Desakan Bersih 4.0 tidak terlepas dari
berbagai skandal dugaan korupsi sang perdana menteri yang masih memiliki
darah Bugis keturunan Sultan Hasanuddin Makasar. Jika melihat kembali ke
belakang, bangkitnya demonstrasi anti pemerintah sudah pernah terjadi pada
1998. Ketika itu, Deputi Perdana Menteri Anwar Ibrahim memimpin perlawanan
gerakan reformasi melawan atasanya, Mahathir Mohamad, perdana menteri waktu
itu.
Pada saat itu, Malaysia, seperti halnya
Indonesia, sedang ditimpa badai akibat krisis ekonomi 1997 dan jatuhnya mata
uang ringgit. Namun, Anwar Ibrahim justru dipecat dan dipenjara oleh Mahathir
dengan berbagai skenario tuduhan. Mulai saat itu, Anwar Ibrahim mengubah arah
politiknya dengan membentuk koalisi Pakatan Rakyat (PR) dan menjadi lawan
pemerintahan Barisan Nasional (BN) dan Partai Melayu (UMNO).
Momentum dan tren gerakan Bersih 4.0 juga
sama. Saat ini Malaysia juga tengah mengalami depresi dan kemerosotan ekonomi
garagara terpuruknya nilai tukar ringgit hingga level 4.00 per dolar Amerika
Serikat. Harga-harga barang juga meroket naik dan rakyat merasa sangat
terbebani kebijakan Najib yang mengenakan pajak barang dan jasa (good and services tax, GST).

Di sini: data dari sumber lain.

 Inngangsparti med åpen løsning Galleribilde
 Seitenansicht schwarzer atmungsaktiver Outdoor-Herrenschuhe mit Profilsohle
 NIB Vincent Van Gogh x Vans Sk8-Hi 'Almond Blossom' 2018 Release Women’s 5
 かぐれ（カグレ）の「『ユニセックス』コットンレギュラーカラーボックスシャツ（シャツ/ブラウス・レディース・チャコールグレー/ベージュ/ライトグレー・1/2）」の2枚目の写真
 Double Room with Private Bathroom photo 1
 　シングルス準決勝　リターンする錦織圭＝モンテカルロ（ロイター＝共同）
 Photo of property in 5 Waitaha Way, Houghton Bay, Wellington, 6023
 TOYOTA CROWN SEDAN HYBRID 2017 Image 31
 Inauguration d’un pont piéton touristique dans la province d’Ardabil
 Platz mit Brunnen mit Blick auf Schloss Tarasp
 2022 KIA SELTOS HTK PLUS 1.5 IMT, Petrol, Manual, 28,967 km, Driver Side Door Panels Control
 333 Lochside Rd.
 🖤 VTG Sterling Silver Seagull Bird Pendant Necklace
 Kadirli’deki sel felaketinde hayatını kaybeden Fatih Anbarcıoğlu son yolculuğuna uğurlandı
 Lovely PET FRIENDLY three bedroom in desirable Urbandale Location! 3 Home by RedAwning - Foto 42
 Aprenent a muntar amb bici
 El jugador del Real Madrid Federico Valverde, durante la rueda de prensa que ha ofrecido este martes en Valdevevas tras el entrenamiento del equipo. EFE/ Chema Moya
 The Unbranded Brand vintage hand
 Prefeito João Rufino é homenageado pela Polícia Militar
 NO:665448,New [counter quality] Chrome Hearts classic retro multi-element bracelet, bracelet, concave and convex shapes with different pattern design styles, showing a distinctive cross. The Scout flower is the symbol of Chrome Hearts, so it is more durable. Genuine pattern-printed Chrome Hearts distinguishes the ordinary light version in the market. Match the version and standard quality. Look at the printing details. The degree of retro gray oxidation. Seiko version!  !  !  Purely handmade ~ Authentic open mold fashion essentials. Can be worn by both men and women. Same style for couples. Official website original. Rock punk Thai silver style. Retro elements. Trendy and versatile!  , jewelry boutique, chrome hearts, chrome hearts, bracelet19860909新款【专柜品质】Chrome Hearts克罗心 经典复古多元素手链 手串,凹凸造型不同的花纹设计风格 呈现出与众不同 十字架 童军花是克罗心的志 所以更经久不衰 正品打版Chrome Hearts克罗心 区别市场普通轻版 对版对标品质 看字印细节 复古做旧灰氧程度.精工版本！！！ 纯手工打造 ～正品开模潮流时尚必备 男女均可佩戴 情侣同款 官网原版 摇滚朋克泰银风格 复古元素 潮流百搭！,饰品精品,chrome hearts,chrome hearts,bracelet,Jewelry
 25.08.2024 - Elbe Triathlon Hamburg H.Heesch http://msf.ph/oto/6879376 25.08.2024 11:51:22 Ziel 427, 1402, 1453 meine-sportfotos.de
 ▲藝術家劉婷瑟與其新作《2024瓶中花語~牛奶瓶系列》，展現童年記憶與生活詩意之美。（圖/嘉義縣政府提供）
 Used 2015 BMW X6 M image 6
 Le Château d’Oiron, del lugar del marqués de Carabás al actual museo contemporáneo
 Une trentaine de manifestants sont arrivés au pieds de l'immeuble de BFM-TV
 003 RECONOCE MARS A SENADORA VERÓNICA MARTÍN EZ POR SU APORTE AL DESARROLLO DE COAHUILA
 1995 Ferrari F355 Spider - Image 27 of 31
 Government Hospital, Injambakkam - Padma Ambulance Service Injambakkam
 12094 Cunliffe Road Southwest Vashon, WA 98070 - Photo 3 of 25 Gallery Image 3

Momentum tersebut seolah menemukan masanya
ketika pada 3 Juli 2015, The Wall
Street Journal menerbitkan berita tentang dugaan aliran dana ke rekening
pribadi Najib Razak. Dana tersebut disebut-sebut sangat berkaitan dengan
skandal penggelapan dana perusahaan nasional 1MDB (1 Malaysia Development
Berhad).
Di kalangan aktivis Bersih yang dipandegani
kelompok oposisi Pakatan Rakyat (PR) pimpinan Anwar Ibrahim, isu 1MDB sudah
menjadi diskursus. Namun, dengan kecerdikan memanfaatkan media sosial, PR
berhasil mendapat dukungan dan memengaruhi opini publik.
Bahkan, terakhir mantan Perdana Menteri
Mahathir Mohamad, ’’sang guru politik’’ Najib, ikut mendukung gerakan Bersih.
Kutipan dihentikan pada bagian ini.